# To do:
Your task is to print the listing exactly as it stands.
(Material for this task begins)
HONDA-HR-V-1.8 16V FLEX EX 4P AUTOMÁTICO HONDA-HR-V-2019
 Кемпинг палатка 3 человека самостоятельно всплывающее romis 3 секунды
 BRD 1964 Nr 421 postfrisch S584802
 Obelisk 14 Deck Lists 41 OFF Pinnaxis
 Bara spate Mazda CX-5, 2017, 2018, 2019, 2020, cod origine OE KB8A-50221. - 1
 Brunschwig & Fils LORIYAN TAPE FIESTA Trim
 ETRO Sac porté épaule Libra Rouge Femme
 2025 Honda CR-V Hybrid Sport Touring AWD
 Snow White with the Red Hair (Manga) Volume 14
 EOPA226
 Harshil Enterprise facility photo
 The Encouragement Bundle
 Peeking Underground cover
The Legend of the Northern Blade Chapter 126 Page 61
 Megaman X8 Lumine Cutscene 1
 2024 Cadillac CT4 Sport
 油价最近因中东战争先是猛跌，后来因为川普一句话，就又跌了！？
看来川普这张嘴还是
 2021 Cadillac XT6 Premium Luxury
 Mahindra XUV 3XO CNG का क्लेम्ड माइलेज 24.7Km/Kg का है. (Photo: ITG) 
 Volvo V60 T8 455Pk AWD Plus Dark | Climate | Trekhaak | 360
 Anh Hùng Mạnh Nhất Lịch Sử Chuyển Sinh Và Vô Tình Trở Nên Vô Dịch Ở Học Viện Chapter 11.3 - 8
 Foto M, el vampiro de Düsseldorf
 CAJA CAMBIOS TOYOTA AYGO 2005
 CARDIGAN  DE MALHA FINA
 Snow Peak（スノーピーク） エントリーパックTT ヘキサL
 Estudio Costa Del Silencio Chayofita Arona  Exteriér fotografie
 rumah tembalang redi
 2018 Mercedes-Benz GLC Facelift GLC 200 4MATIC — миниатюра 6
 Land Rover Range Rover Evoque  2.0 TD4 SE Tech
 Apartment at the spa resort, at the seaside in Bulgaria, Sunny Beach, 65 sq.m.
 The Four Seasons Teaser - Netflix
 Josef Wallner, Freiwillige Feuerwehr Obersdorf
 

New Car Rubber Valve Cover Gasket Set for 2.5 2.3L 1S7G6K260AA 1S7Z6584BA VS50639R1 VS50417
(Material for this task ends)
# Written response:
HONDA-HR-V-1.8 16V FLEX EX 4P AUTOMÁTICO HONDA-HR-V-2019
 Кемпинг палатка 3 человека самостоятельно всплывающее romis 3 секунды
 BRD 1964 Nr 421 postfrisch S584802
 Obelisk 14 Deck Lists 41 OFF Pinnaxis
 Bara spate Mazda CX-5, 2017, 2018, 2019, 2020, cod origine OE KB8A-50221. - 1
 Brunschwig & Fils LORIYAN TAPE FIESTA Trim
 ETRO Sac porté épaule Libra Rouge Femme
 2025 Honda CR-V Hybrid Sport Touring AWD
 Snow White with the Red Hair (Manga) Volume 14
 EOPA226
 Harshil Enterprise facility photo
 The Encouragement Bundle
 Peeking Underground cover
The Legend of the Northern Blade Chapter 126 Page 61
 Megaman X8 Lumine Cutscene 1
 2024 Cadillac CT4 Sport
 油价最近因中东战争先是猛跌，后来因为川普一句话，就又跌了！？
看来川普这张嘴还是
 2021 Cadillac XT6 Premium Luxury
 Mahindra XUV 3XO CNG का क्लेम्ड माइलेज 24.7Km/Kg का है. (Photo: ITG) 
 Volvo V60 T8 455Pk AWD Plus Dark | Climate | Trekhaak | 360
 Anh Hùng Mạnh Nhất Lịch Sử Chuyển Sinh Và Vô Tình Trở Nên Vô Dịch Ở Học Viện Chapter 11.3 - 8
 Foto M, el vampiro de Düsseldorf
 CAJA CAMBIOS TOYOTA AYGO 2005
 CARDIGAN  DE MALHA FINA
 Snow Peak（スノーピーク） エントリーパックTT ヘキサL
 Estudio Costa Del Silencio Chayofita Arona  Exteriér fotografie
 rumah tembalang redi
 2018 Mercedes-Benz GLC Facelift GLC 200 4MATIC — миниатюра 6
 Land Rover Range Rover Evoque  2.0 TD4 SE Tech
 Apartment at the spa resort, at the seaside in Bulgaria, Sunny Beach, 65 sq.m.
 The Four Seasons Teaser - Netflix
 Josef Wallner, Freiwillige Feuerwehr Obersdorf
 

New Car Rubber Valve Cover Gasket Set for 2.5 2.3L 1S7G6K260AA 1S7Z6584BA VS50639R1 VS50417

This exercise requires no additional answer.